Data Analysts Need to Turn Up the Heat

Keegan O'Shea
5 min readMar 12, 2018

--

I recently watched John Scheinfeld’s 2017 documentary about jazz legend John Coltrane. In it, famed philosopher Cornell West claimed that:

“John Coltrane was ahead of his time. I don’t think that his music is a thermometer, it’s a thermostat. See, a thermometer just reflects the climate, a thermostat shapes the climate”.

Coltrane’s seminal 1965 album A Love Supreme was a jazz record so different that it spurred the creation of ’Spiritual Jazz’, a genre that is still shaping the sound of modern day innovators like Kamasi Washington and Kendrick Lamar. It changed music.

John Coltrane

It was such a great analogy, and it got me thinking about how it would apply to my other interests. Inevitably, my attention drew to my field — data. Data means a lot of things to a lot of people — reporting metrics, personal information, the ‘raw stuff’ needed to build machine learning algorithms, and so much more. But when we talk data, it’s typically in the context of what it’s measuring. We need to start talking about what it does.

Humans are collecting data. The volume we’re collecting is ever-growing, and measures every aspect of daily life. But data’s utility is directly connected to its ability to influence an outcome.

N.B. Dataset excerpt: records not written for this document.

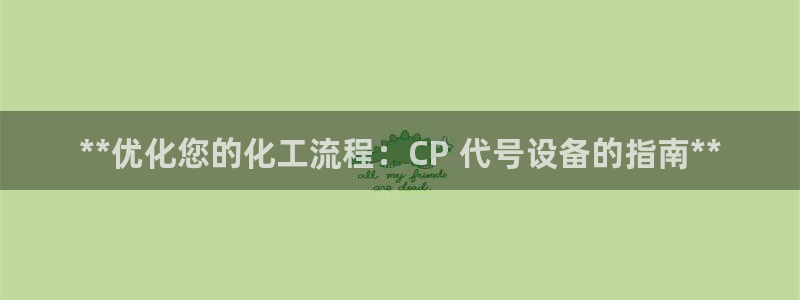 新航娱乐扣费是什么费用啊怎么退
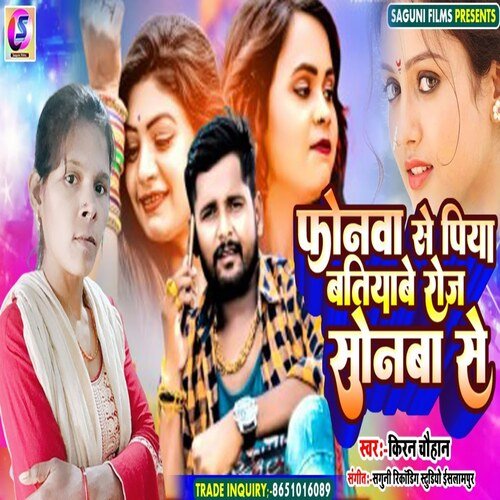 Phonwa Se Piya Batiyabe Roj Sonwa Se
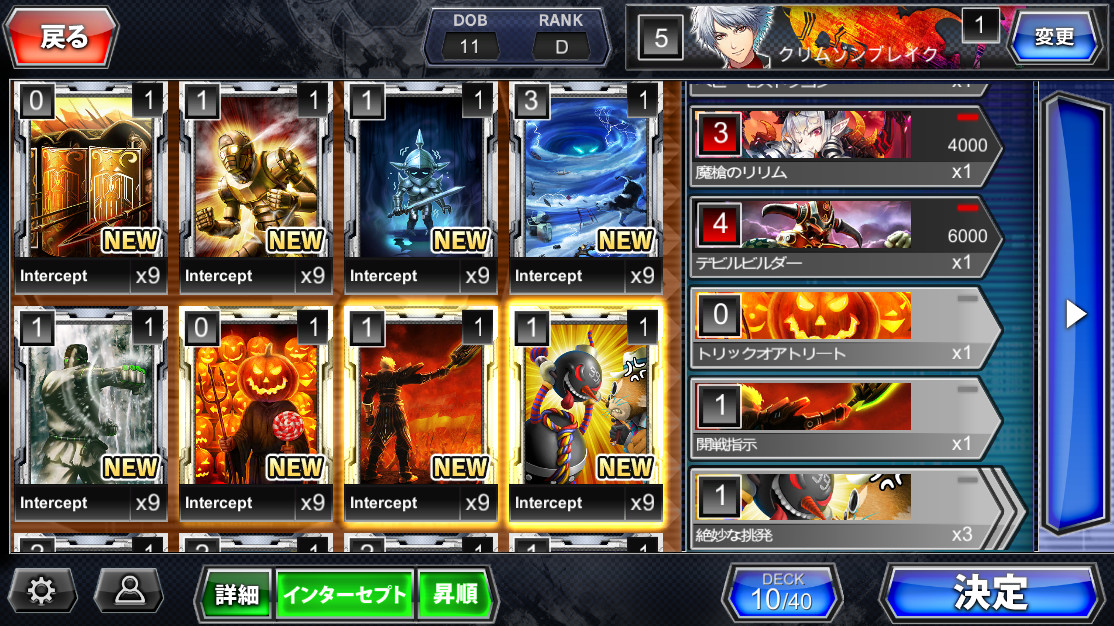 Artstation Code Of Joker Pocket Deck Ui Yukiya Saito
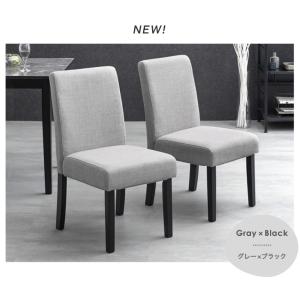 ダイニングチェア 2脚セット おしゃれ 北欧 ...の詳細画像2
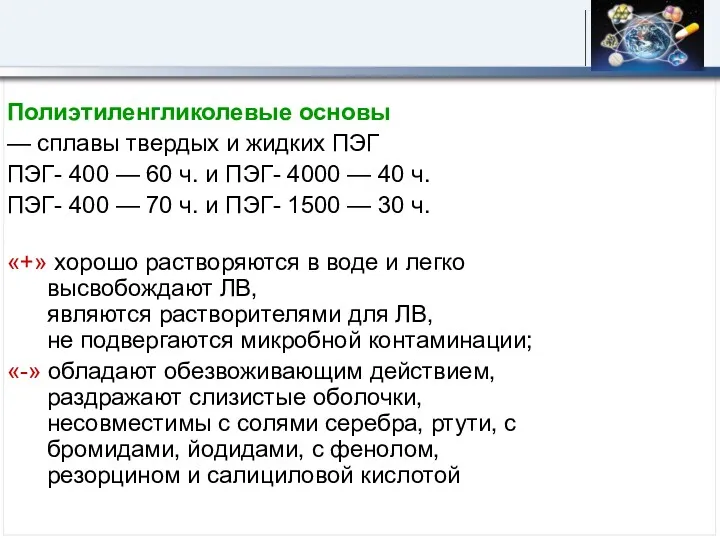 Полиэтиленгликолевые основы — сплавы твердых и жидких ПЭГ ПЭГ- 400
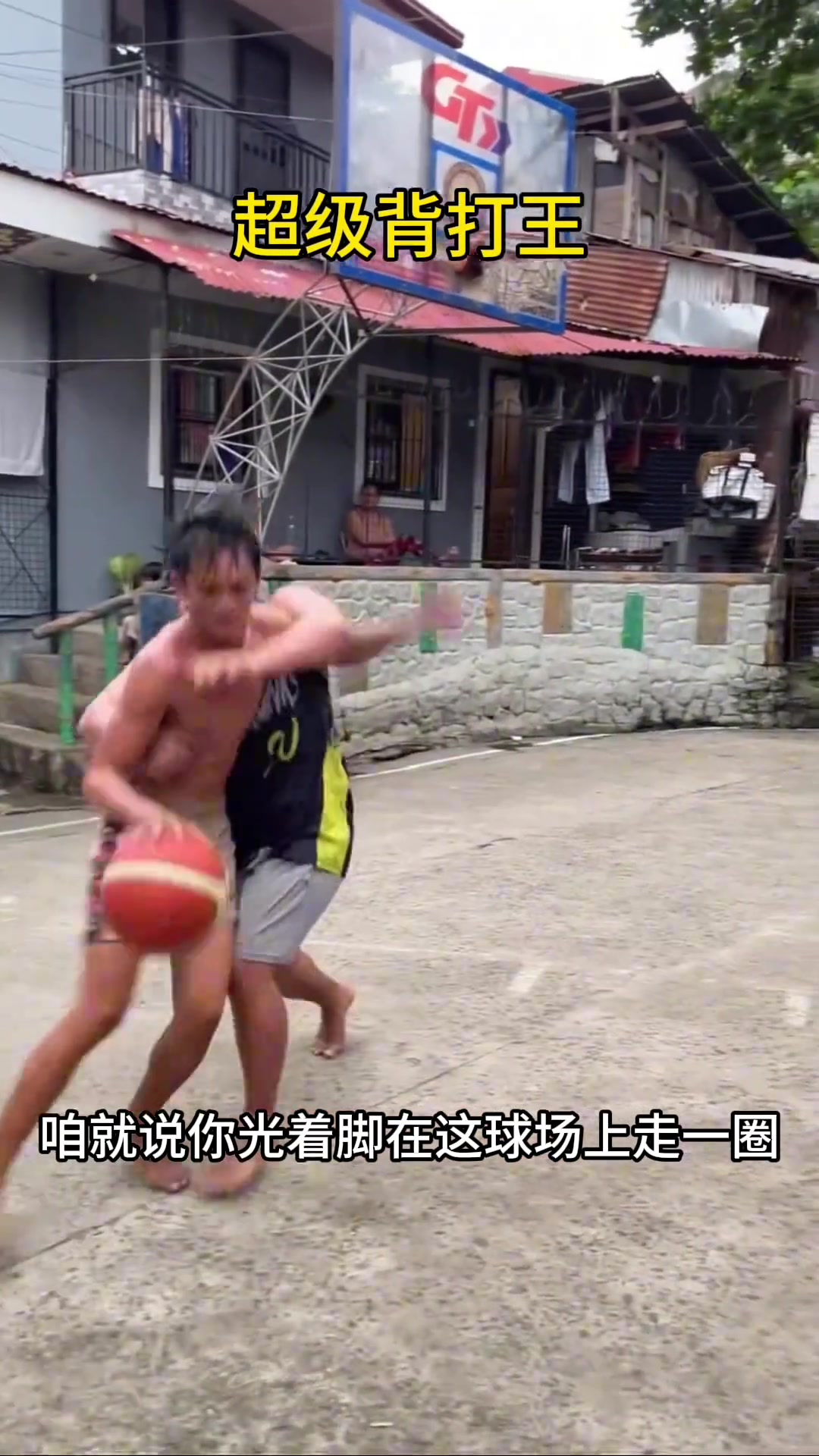 菲律宾单挑强度到底多大?克拉克森就是受不了强度才去NBA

We’re getting very, very good at using data in software. Software automates and optimises repeatable flows of information for very specific outcomes — this is Artificial Narrow Intelligence, and it uses data to do very specific things very well. Looking at a single trip in an Uber, we can frame the language of data in two ways — in either the data points passed between parties, or in the outcomes they influence.

A typical Uber experience

Option 1 ::: Datapoints
When you open the Uber app, data about available drivers appears. Data is crunched to determine how long it will take for a driver to get to you, given the number of drivers and other people in the area also looking for a car. When you book the car, its position, the license plate, the name of the driver, the driver’s rating, and several other details pop up on your screen. When you get in the car, you can share your location with others, you get an estimated time of arrival, as well as a recommended path. When you end the trip, you get a bill itemising your trip, and you get to submit even more data to rate your driver.

Option 2 ::: Decisions
When you open the app, you can find out if an Uber will arrive in an acceptable timeframe. When you book the car, you’ll learn when and how to find the driver. When you get in the car, you’ll know if you’ll make your destination in time. When you end the trip, you decide if a trip was worth the price, and make sure future passengers know how good the driver is.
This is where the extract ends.